## What the task asks
All of the listing should be returned as written, apart from any picture in it.

## Dataset extract
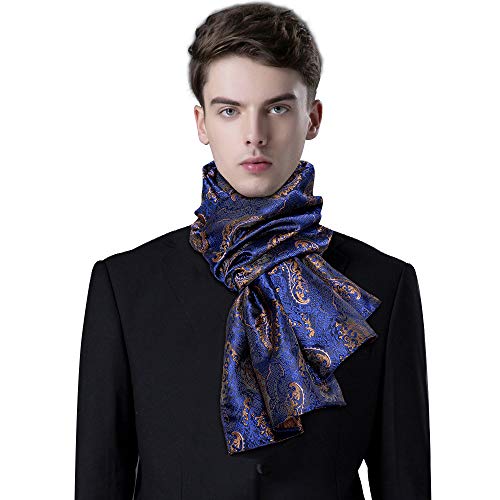silk dress scarf mens XUYUZUAU 100 Silk Scarves for Men Fashion Neck Scarf Double Layer Smooth Business Casual Formal Paisely Pattern at Amazon Men's Clothing store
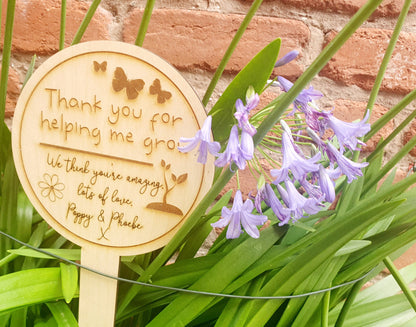 Personalised Thank you for Helping Me Grow - Wooden Garden Sign - Childminder Gift - Gift for Nursery Worker - Gift for Teacher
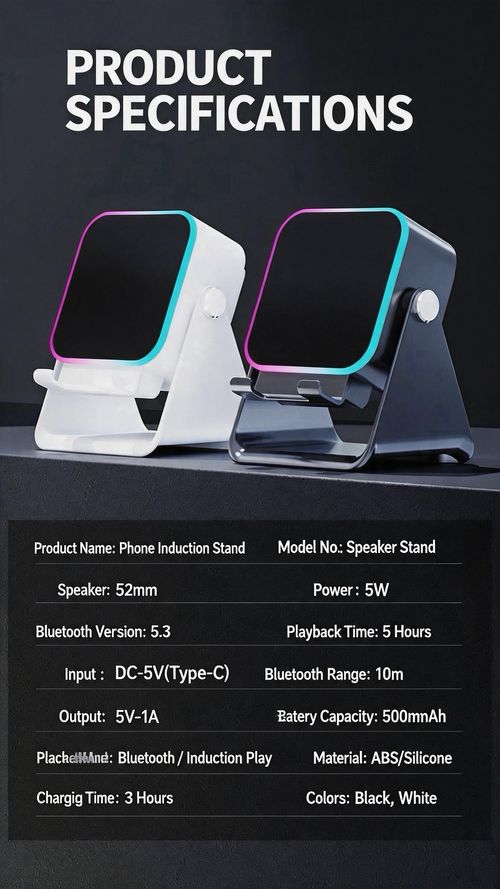 Magnetic Car Phone Holder with Speaker Bluetooth5.3 RGB Light 5W Charger Black White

## Completed task
silk dress scarf mens XUYUZUAU 100 Silk Scarves for Men Fashion Neck Scarf Double Layer Smooth Business Casual Formal Paisely Pattern at Amazon Men's Clothing store
 Personalised Thank you for Helping Me Grow - Wooden Garden Sign - Childminder Gift - Gift for Nursery Worker - Gift for Teacher
 Magnetic Car Phone Holder with Speaker Bluetooth5.3 RGB Light 5W Charger Black White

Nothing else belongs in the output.